WORK ORDER: Starting at the line below with "a woman's stomach with three roses on it" and stopping at the line with "Ukrainians arriving at", please print each line exactly, those two included, and skip every picture.

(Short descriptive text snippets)
━━━━━━━━━━

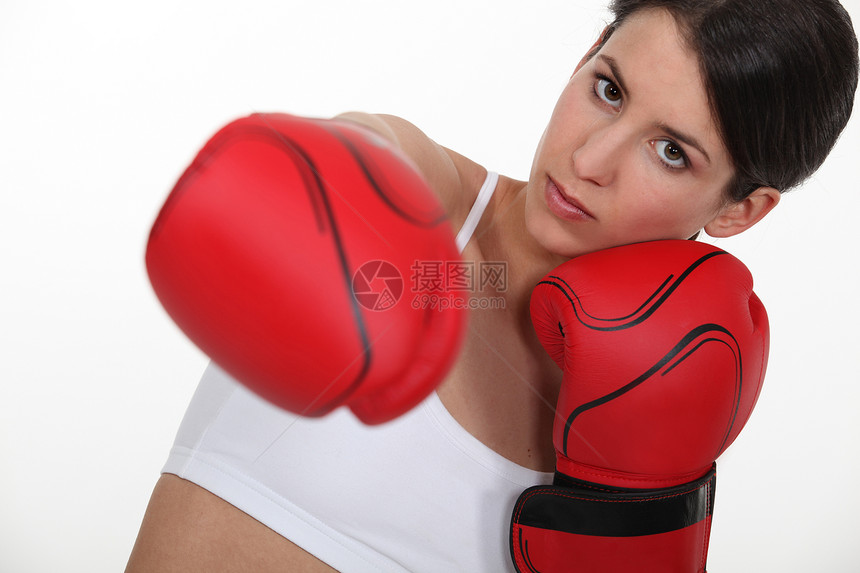 女性拳击女投掷斗争伤害白色青年侵略手套成人胜利运动图片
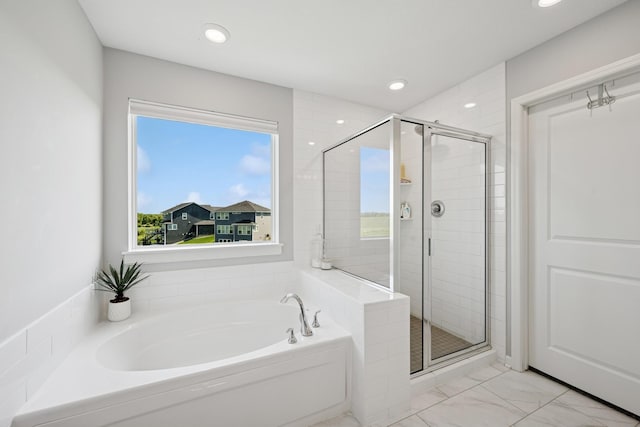 11604 Brayburn Trl, Dayton, MN 55369 - full bathroom featuring a bath, a stall shower, marble finish flooring, and recessed lighting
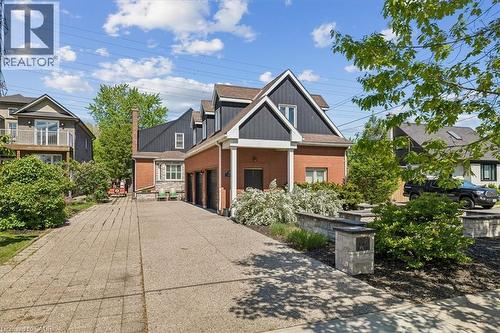 Brick and dark siding exterior with a multi-car driveway - 573 Beach Boulevard, Hamilton, ON - Outdoor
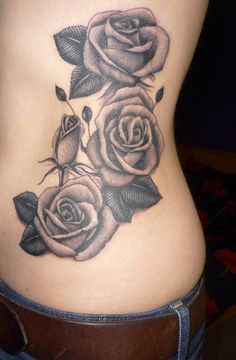 a woman's stomach with three roses on it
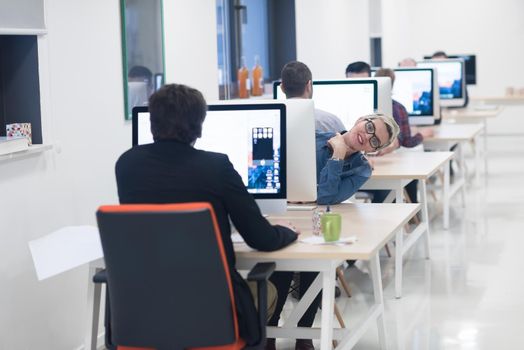 startup business, woman  working on dektop  computer at creative modern office relaxing and have fun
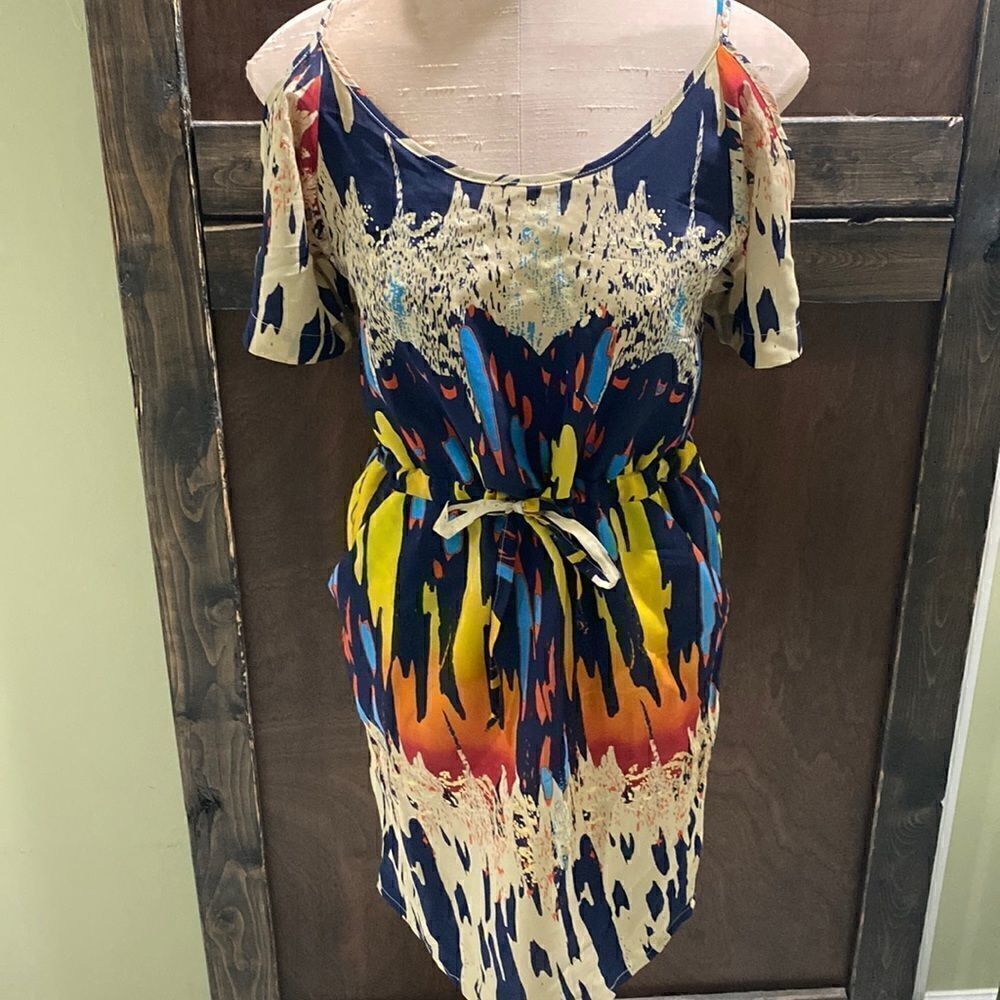 Off the shoulder Retro Dress with tie waist, pockets, & back cut out accent.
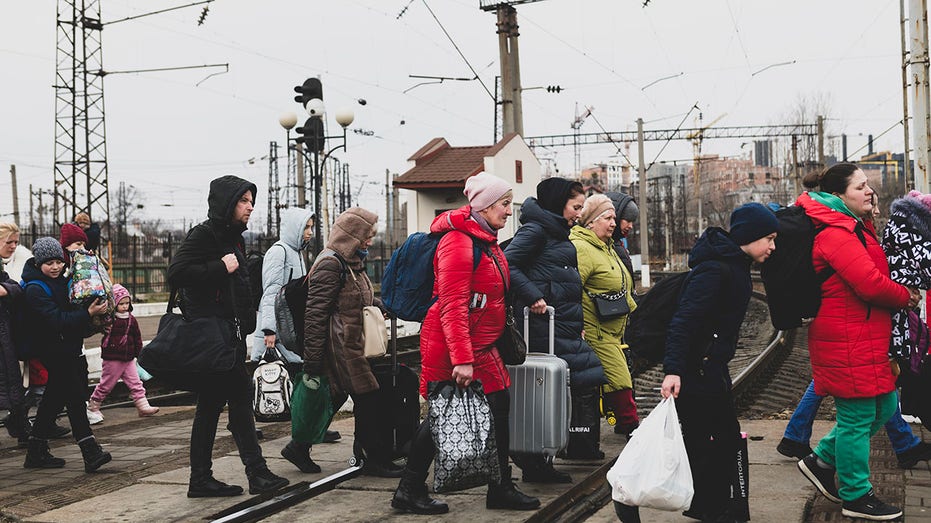 Ukrainians arriving at the train station in Lviv, Ukraine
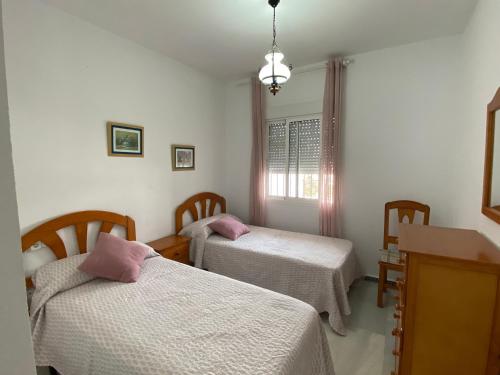 a room with two beds and a window at Apartamento Costa de Sancti Petri by Chiclana Dreams in Novo Sancti Petri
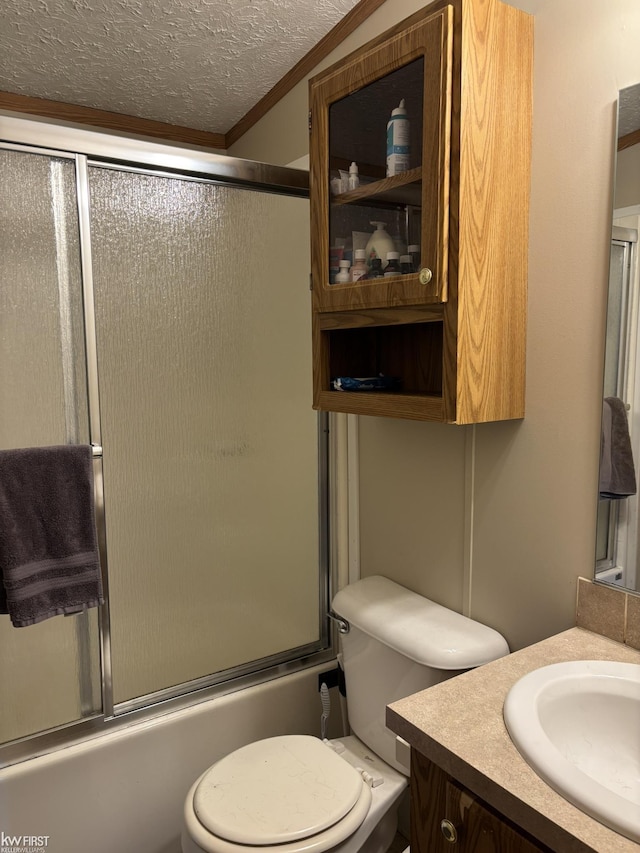 bathroom with combined bath / shower with glass door, vanity, a textured ceiling, and toilet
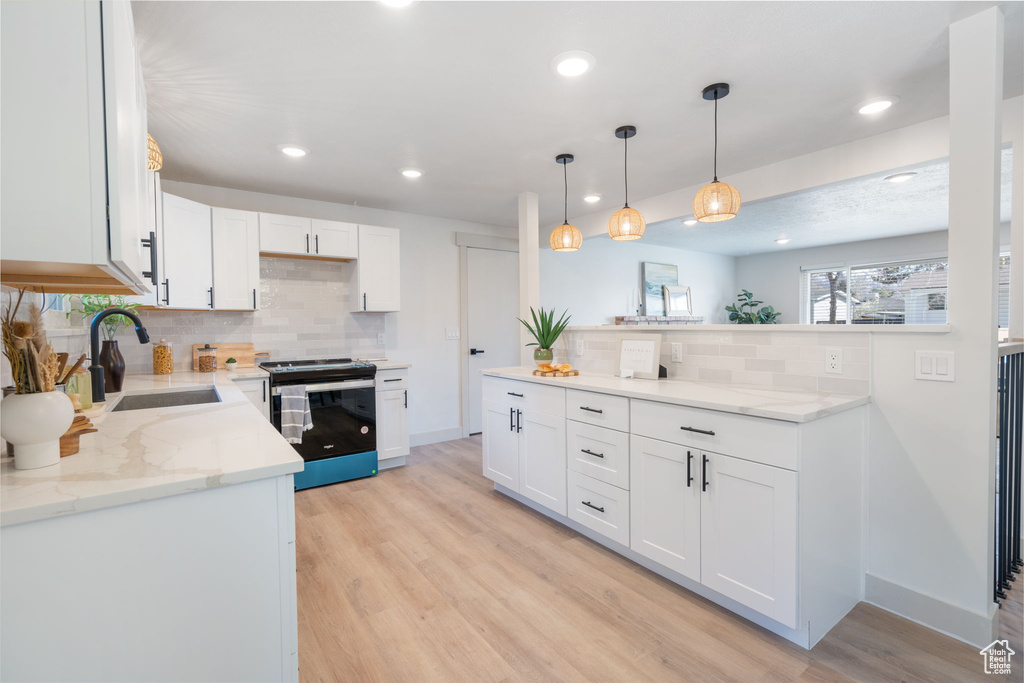 Kitchen with backsplash, stainless steel range with electric cooktop, and white cabinets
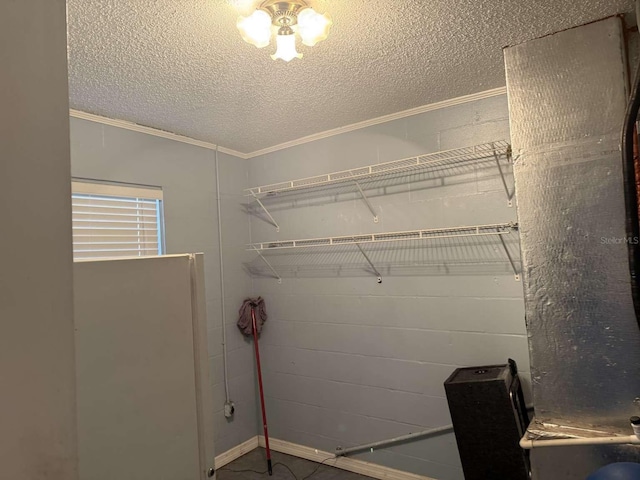 laundry room with crown molding and a textured ceiling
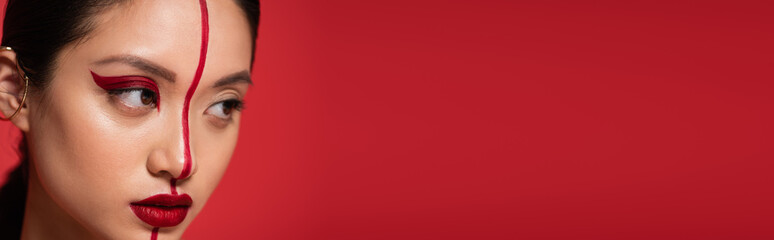 portrait of young asian model with artistic makeup and perfect skin looking away isolated on red, banner.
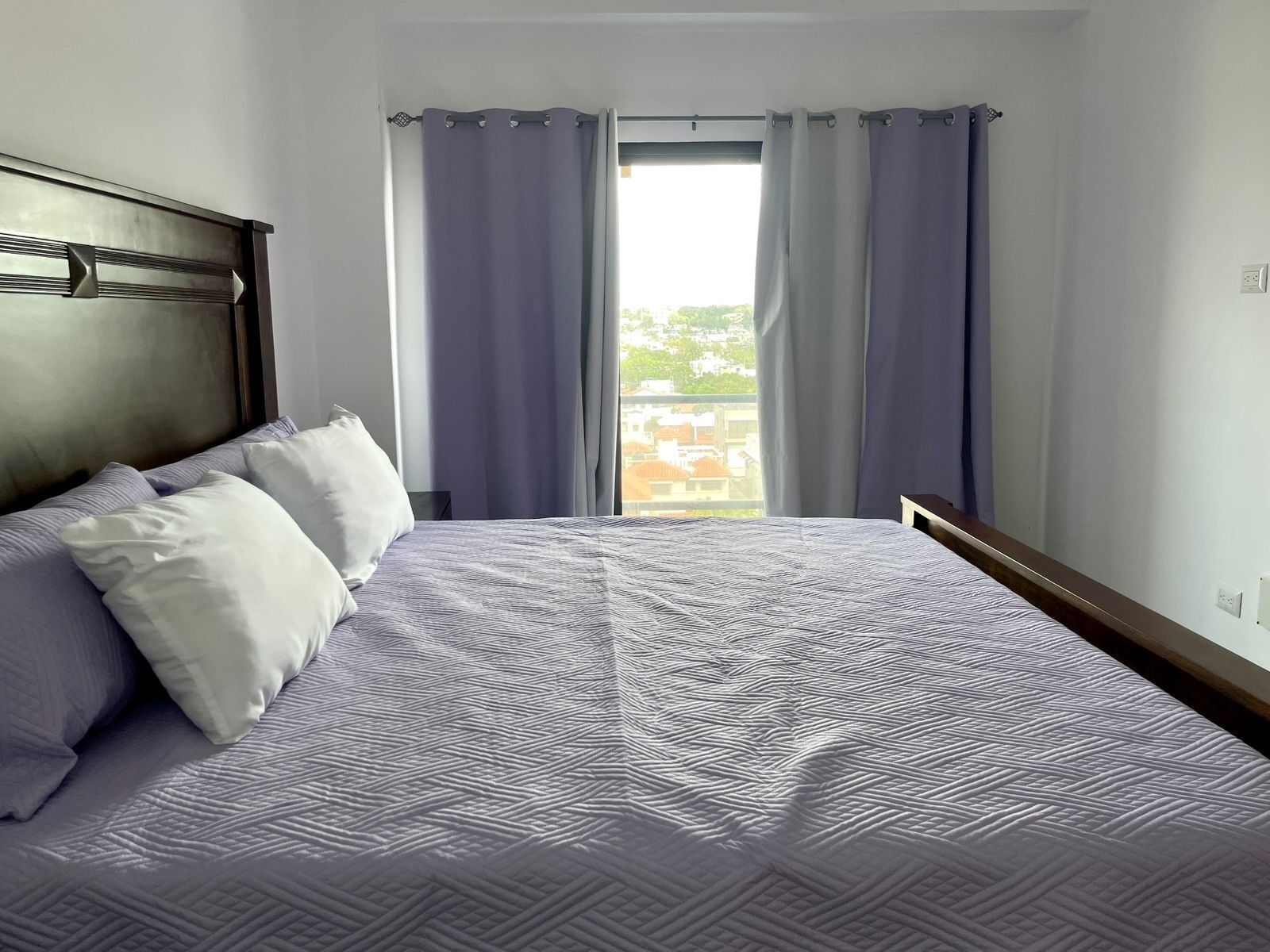 A neatly made bed with a patterned bedspread, a headboard, and two pillows.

━━━━━━━━━━

RESPONSE TO THIS TASK:
 a woman's stomach with three roses on it
 startup business, woman  working on dektop  computer at creative modern office relaxing and have fun
 Off the shoulder Retro Dress with tie waist, pockets, & back cut out accent.
 Ukrainians arriving at the train station in Lviv, Ukraine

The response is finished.